Answer
(a) The nucleus recoils at an angle of $31.4^{\circ}$ above the -x-axis.
(b) The momentum of the nucleus is $9.60\times 10^{-19}~kg~m/s$
Work Step by Step
(a) We can assume that the electron moves away in the +x-direction and the neutrino moves away in the -y-direction.
We can assume that the initial momentum is zero. By conservation of momentum, the final momentum of the system is also zero.

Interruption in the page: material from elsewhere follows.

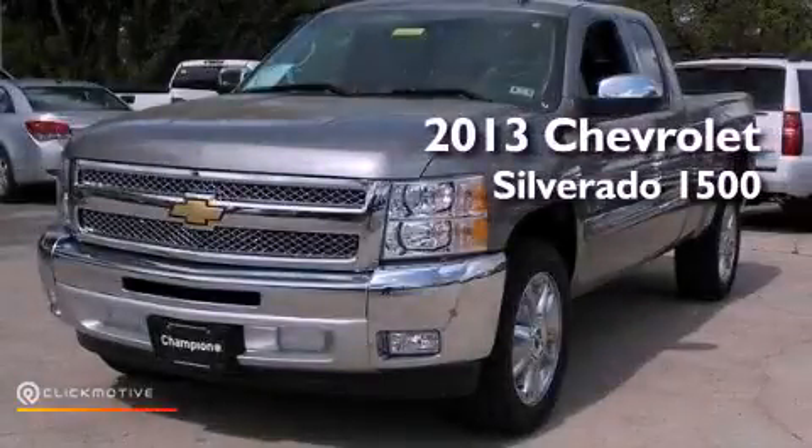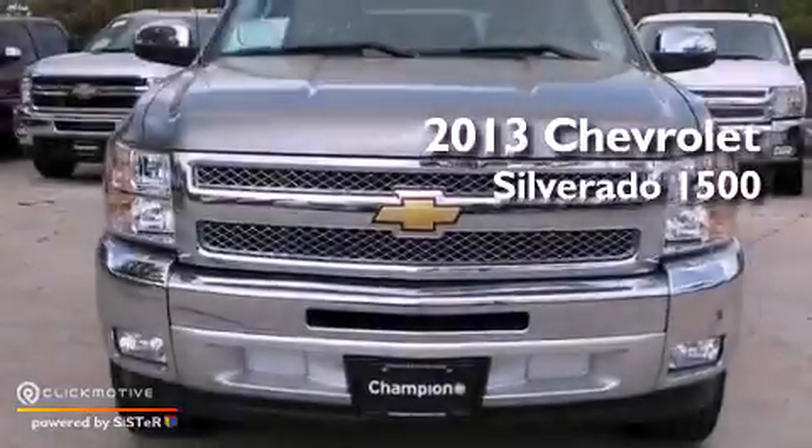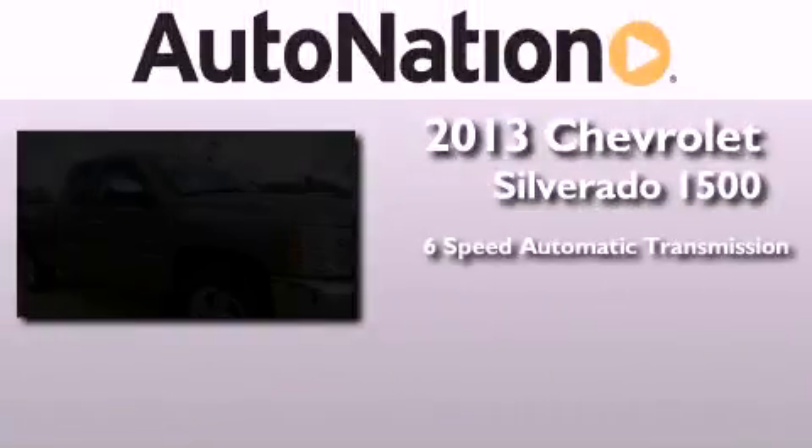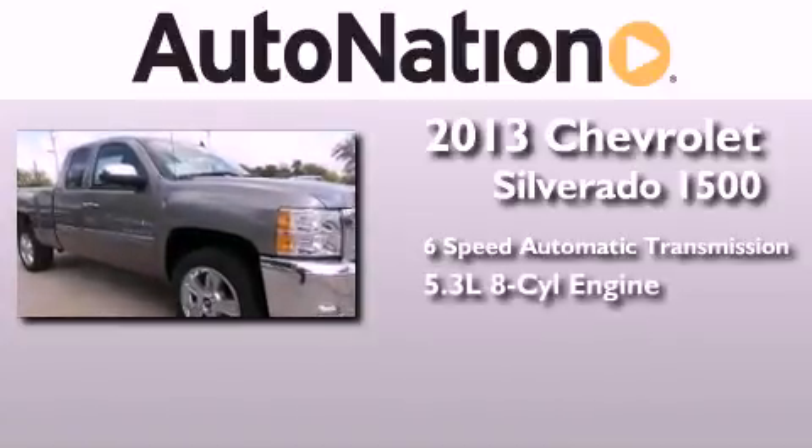This is a brand new 2013 Chevrolet Silverado 1500. This truck has a 6-speed automatic transmission and a 5.3-liter V8.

We can find the horizontal component $p_x$ of the nucleus' final momentum:
$p_x + 8.20\times 10^{-19}~kg~m/s = 0$
$p_x = -8.20\times 10^{-19}~kg~m/s$
We can find the vertical component $p_y$ of the nucleus' final momentum:
$p_y - 5.00\times 10^{-19}~kg~m/s = 0$
$p_y = 5.00\times 10^{-19}~kg~m/s$
We can find the angle $\theta$ above the -x-axis that the nucleus recoils:
$tan~\theta = \frac{5.00\times 10^{-19}}{8.20\times 10^{-19}}$
$\theta = tan^{-1}(\frac{5.00\times 10^{-19}}{8.20\times 10^{-19}})$
$\theta = 31.4^{\circ}$
The nucleus recoils at an angle of $31.4^{\circ}$ above the -x-axis.
(b) We can find the magnitude of the momentum of the nucleus:
$p = \sqrt{p_x^2+p_y^2}$
$p = \sqrt{(-8.20\times 10^{-19}~kg~m/s)^2+(5.00\times 10^{-19}~kg~m/s)^2}$
$p = 9.60\times 10^{-19}~kg~m/s$
The momentum of the nucleus is $9.60\times 10^{-19}~kg~m/s$.